1. Transfer to other dimensions

(a) If the new dimension is close to one of UniEval's existing dimensions, you can directly evaluate it with the corresponding evaluator and specify the desired dimension.

(b) If the new dimension requires a different input or question description, please modify the `add_question` function in [utils.py](./utils.py) and select an evaluator of a similar task for evaluation.

2. Transfer to other generation tasks

We take the data-to-text task as an example to show how to transfer UniEval to an unseen task.

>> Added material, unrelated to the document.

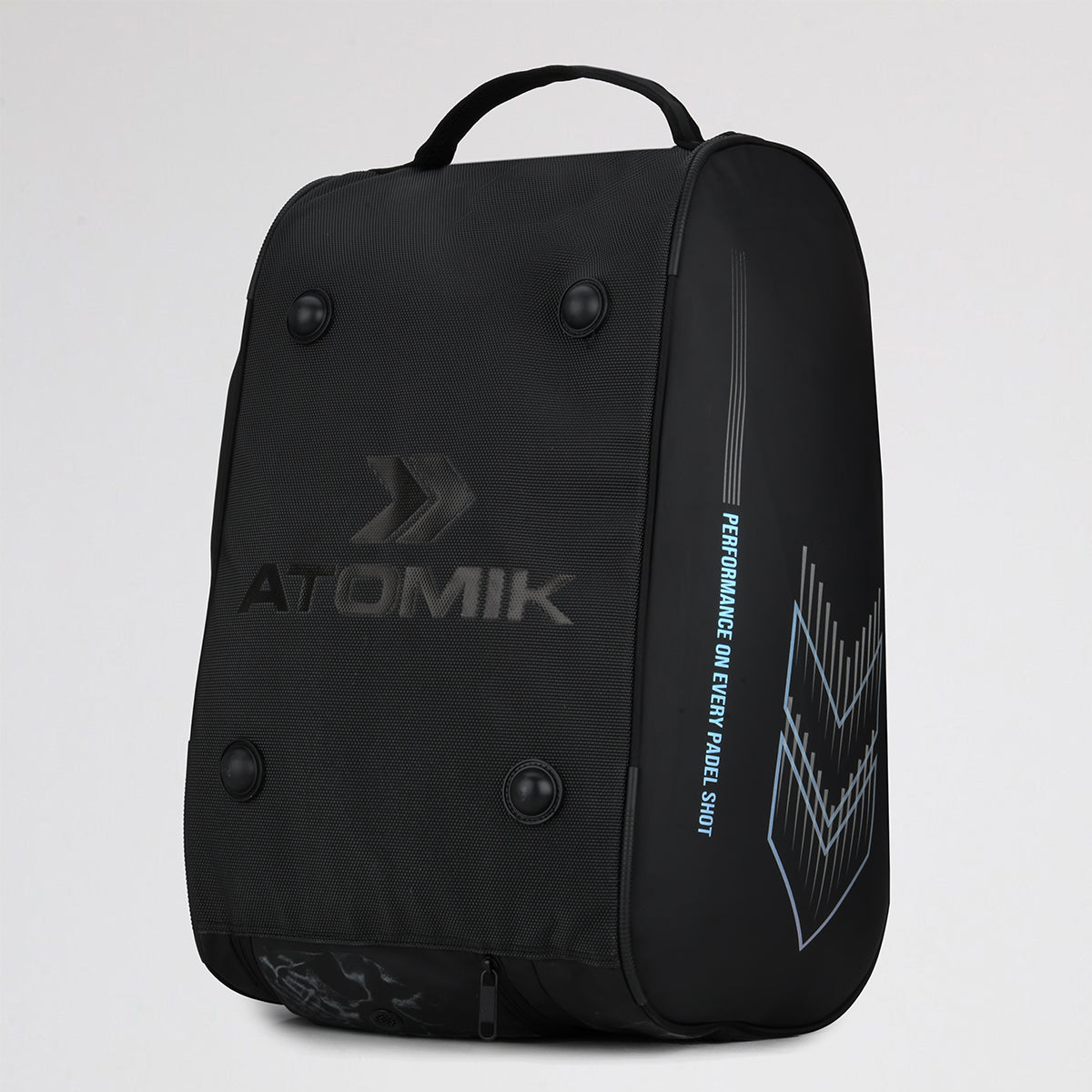 Paletero Tenis Atomik On Flux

(1) Create a task-specific evaluator in [metric/evaluator.py](./metric/evaluator.py), initializing it by specifying the pre-trained evaluator used and the dimensions to be evaluated. All required content should be inputted in the `self.evaluate()` function. Details can refer to `D2tEvaluator` in [metric/evaluator.py](./metric/evaluator.py).

(2) Specify the required content and a specific question description for each dimension in `add_question`. They form the input to the evaluator. The input format for evaluating *naturalness* and *informativeness* in the data-to-text task can be found in [utils.py](./utils.py).

(3) As in [examples.py](./examples.py), multi-dimensional evaluation scores can be obtained.


## Reproduce

To reproduce all the results in the paper, we provide all meta-evaluation datasets, codes, and evaluation scores predicted by **UniEval** in the folder [reproduce](./reproduce).